Aptamers (Chemical Antibodies) for the Mitigationof Mycotoxins in Domestic Livestock
Srinivasa Madhyastha* and Ronald R Marquardt*
71 Loyola Bay, Winnipeg, Manitoba, Canada
Submission: August 14, 2018; Published: August 23, 2018
*Corresponding author: Srinivasa Madhyastha, 71 Loyola Bay, Winnipeg, Manitoba, Canada R3T 3J7, Canada, Tel: +204-269-1483; Email: srim@shaw.ca
How to cite this article: Srinivasa Madhyastha, Ronald R Marquardt. Aptamers (Chemical Antibodies) for the Mitigation of Mycotoxins in Domestic Livestock. Dairy and Vet Sci J. 2018; 7(3): 555714. DOI 10.19080/JDVS.2018.07.555714
Abstract
Aptamers are short, single-stranded DNA or RNA molecules (oligonucleotides) that bind to target molecules, including toxins with high affinity and specificity. For the first time, aflatoxin B1(AFB1)-specific DNA aptamer was used as a toxin binder (adsorbent) to evaluate its ability to neutralize the toxicity in zebrafish embryos treated with AFB1. While AFB1 was highly toxic to Zebrafish embryos, aptamer alone was not toxic. However, AFB1 when bound by the aptamer was completely non-toxic when given to Zebrafish embryos. Thus, aptamers have the potential to protect domestic livestock against AF1 toxicity and from other mycotoxins.

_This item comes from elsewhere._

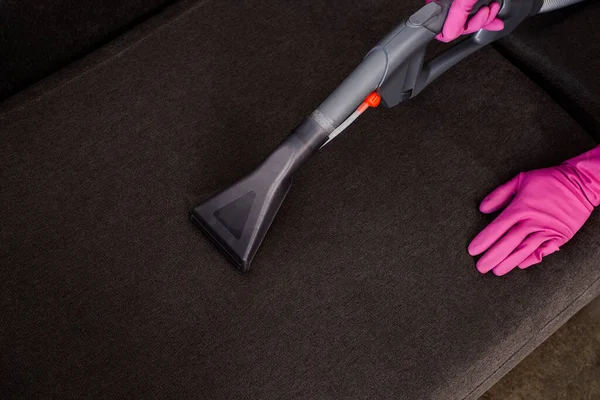 Vista recortada de la limpiadora en guantes de goma sofá de limpieza con aspiradora - foto de stock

Keywords:Aptamer; Oligonucleotide; Mycotoxin; Aflatoxin B1; Toxicity neutralization; Zebrafish; Livestock feed; Penicillium; Aspergillus; Fusarium; Oligonucleotides; Peptides; Deoxynivalenol; Trichothecenes; Zearalenone; Mortality
Introduction
Mycotoxins are secondary metabolites of fungi, which are toxic to animals at certain concentrations. The primary classes of mycotoxins are aflatoxins (AFBs), zearalenone, trichothecenes (including deoxynivalenol), fumonisins, and ochratoxin A (OTA) [1]. The major mycotoxin-producing fugal genera are Aspergillus, Fusarium and Penicillium. Certain fungi can grow and produce mycotoxins in many growing crops while other mycotoxins are produced during improper storage of grains. The Food and Agriculture Organization (FAO) has estimated that over 25% of the world’s crops are affected by mycotoxins each year [2]. Annual losses in the US and Canada due to the impact of mycotoxins on the livestock and feed industries are estimated at $5 billion USD [3]. Mycotoxins exhibit a variety of biological effects in livestock, which include liver and kidney toxicity, and neurological, estrogenic and teratogenic effects. Some mycotoxins such as AFB1, OTA and FB1 are carcinogenic. Additionally, the consumption of mycotoxin-contaminated feed by livestock can cause loss of appetite, decreased feed efficiency, feed refusal, poor weight gain, immunosuppression, and mortality [4]. In general, consumption of mycotoxins results in reduced animal performance including decreased production of flesh or eggs in poultry, milk in dairy cows and meat in pigs and beef cattle.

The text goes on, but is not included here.